The listing below must be repeated word for word, with its images excluded.

------ RECORDED INFORMATION ------

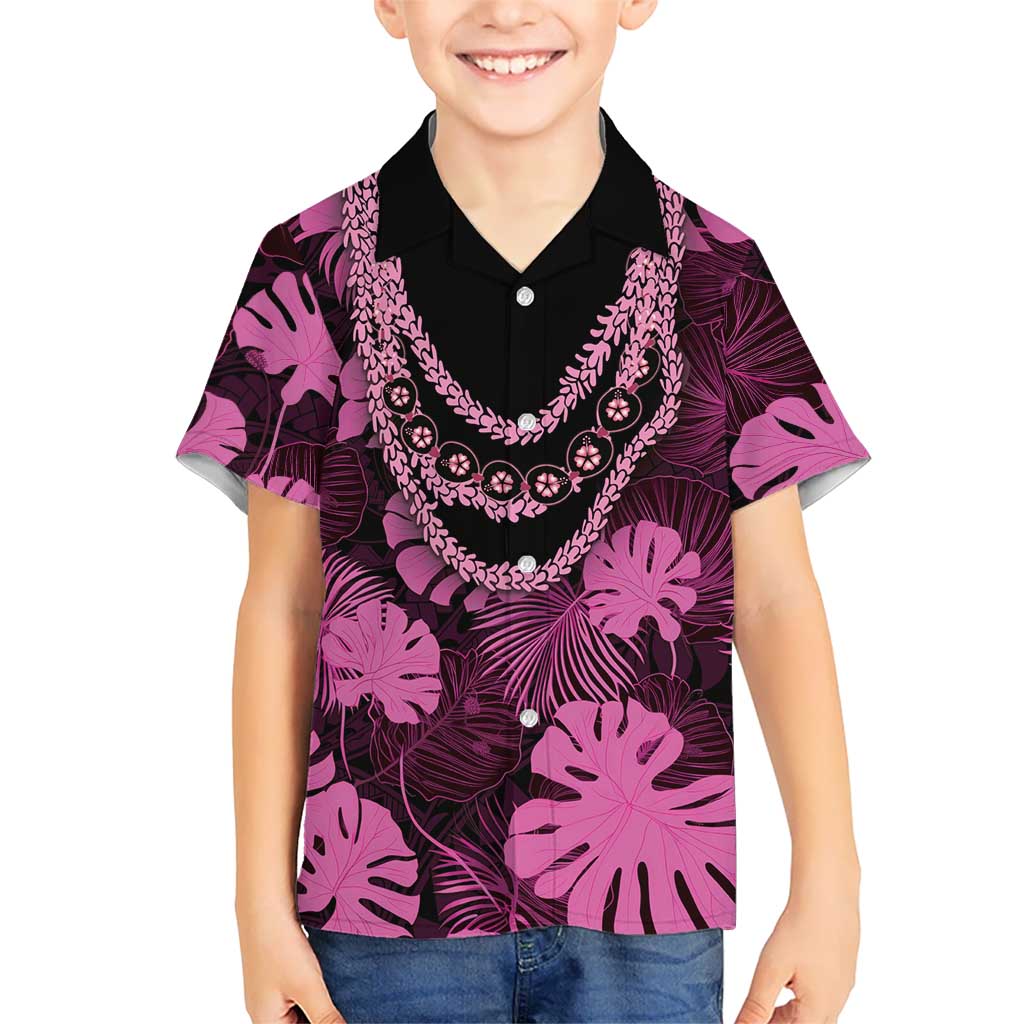 Pink Hawaii Kukui Nut Lei Family Matching Puletasi and Hawaiian Shirt Hawaiian Pattern Monstera Tropical Vibes LT14 Son's Shirt Pink - Polynesian Pride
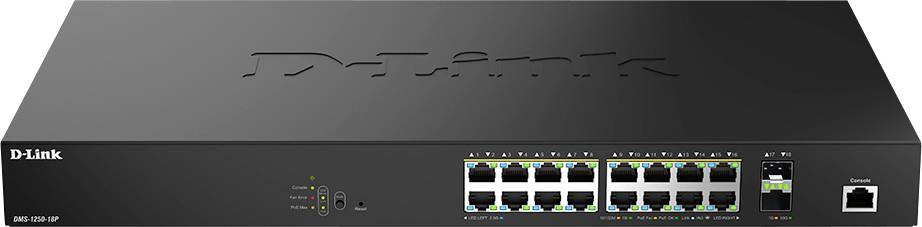 Ein schwarzer D-Link-Netzwerk-Switch mit mehreren Ethernet-Ports und Anzeigelichtern auf dem Frontpanel.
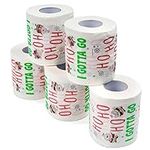 THE TWIDDLERS - 5 Christmas Themed Santa Toilet Rolls, 3-Ply Soft Funny Toilet Roll, Christmas Toilet Paper, Funny Novelty Toilet Roll, Secret Santa Gift with Comical Slogan - Ho Ho Ho I Gotta Go
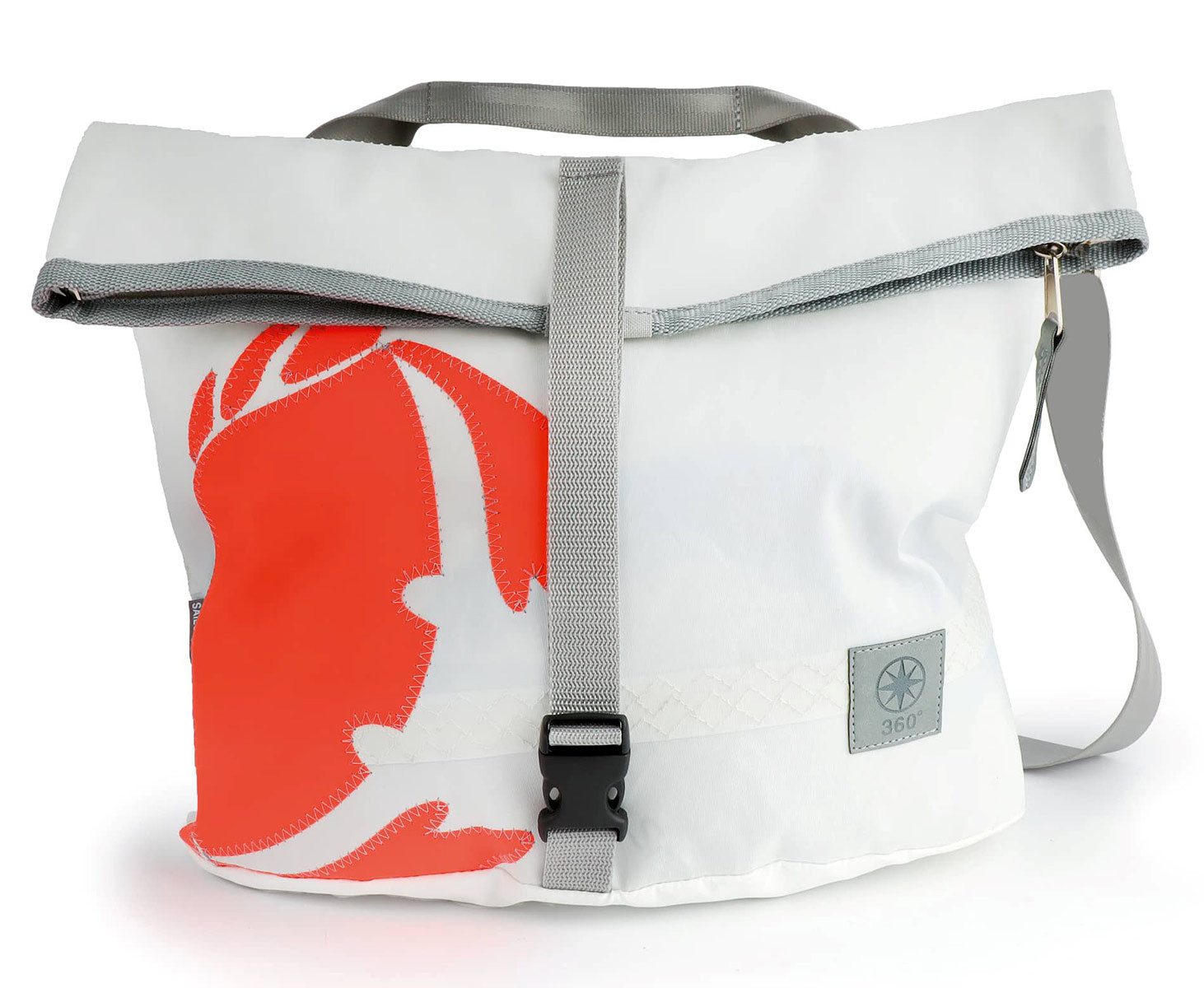 360Grad Strandtasche Einkaufstasche Strandtasche Tender City Weiss Neon Orange Krabbe, rec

------

# [EXERCISE ANSWER]
 Pink Hawaii Kukui Nut Lei Family Matching Puletasi and Hawaiian Shirt Hawaiian Pattern Monstera Tropical Vibes LT14 Son's Shirt Pink - Polynesian Pride
 Ein schwarzer D-Link-Netzwerk-Switch mit mehreren Ethernet-Ports und Anzeigelichtern auf dem Frontpanel.
 THE TWIDDLERS - 5 Christmas Themed Santa Toilet Rolls, 3-Ply Soft Funny Toilet Roll, Christmas Toilet Paper, Funny Novelty Toilet Roll, Secret Santa Gift with Comical Slogan - Ho Ho Ho I Gotta Go
 360Grad Strandtasche Einkaufstasche Strandtasche Tender City Weiss Neon Orange Krabbe, rec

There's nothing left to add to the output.